From the above, we found out that Model 1 has an average runtime of 38 seconds per epoch.

The average distance between the predicted point and actual coordinates is about 8000 metres. The distance of the side length of the image is 1700 metres, while the maximum distance possible is 40000 metres. The average distance between two random points within the area is about 10 to 15 kilometres.  
Although the error was quite big, it was due to the fact that the data given to the model is less, and the model will improve its accuracy given more data. It is successful, as it is a few times better than purely random guessing.

Limitations: There was no data of images labelled with their coordinates, so we had to manually extract the data from Google Earth using Snipping Tool. Moreover, all the images had slightly different number of pixels, so resizing them may have caused the pixels to be different, affecting our results.  
The area covered was quite small (about 20km * 35km), so the most difference between coordinates was about 0.5 degrees for latitude and 0.3 degrees for longitude. Therefore, the errors between the predicted output and actual output were magnified, and the accuracy of the model decreased.

Conclusions and Recommendations: The model was reasonably accurate for the data that we had, and it will be able to perform with a better accuracy when given more data.

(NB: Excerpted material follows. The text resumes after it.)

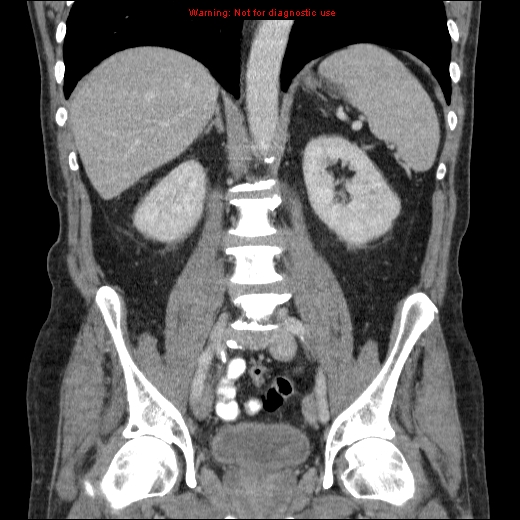 File:Appendicitis mass in inguinal hernia (Radiopaedia 26858-27029 B 46).jpg
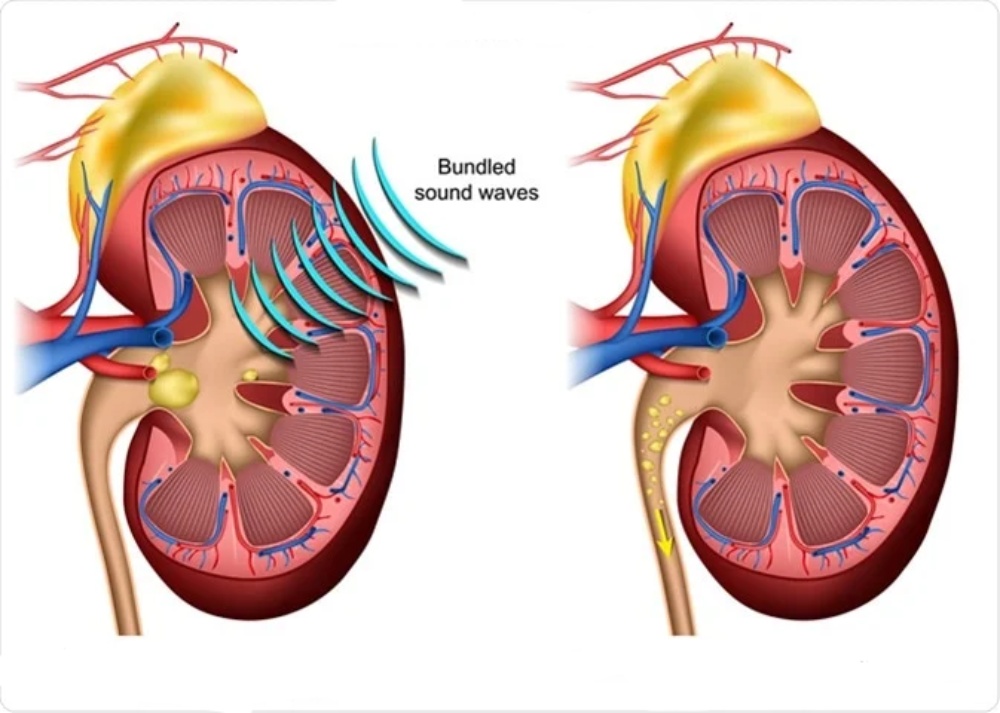 مزایای BWL و پرپالشن اولتراسوند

Future Work: This project can be extended further, when we use photos taken from smartphones as the images. This will increase the usability of the model, as it is more applicable in the real world where billions of photos are present. Some real time applications include finding where a person is, when asking them to take a picture of their whereabouts. In this case, we can have another output attribute be the landmark nearest to the coordinates, so that people can easily track the landmark while also having the coordinates. This application will be very useful, due to its high usability.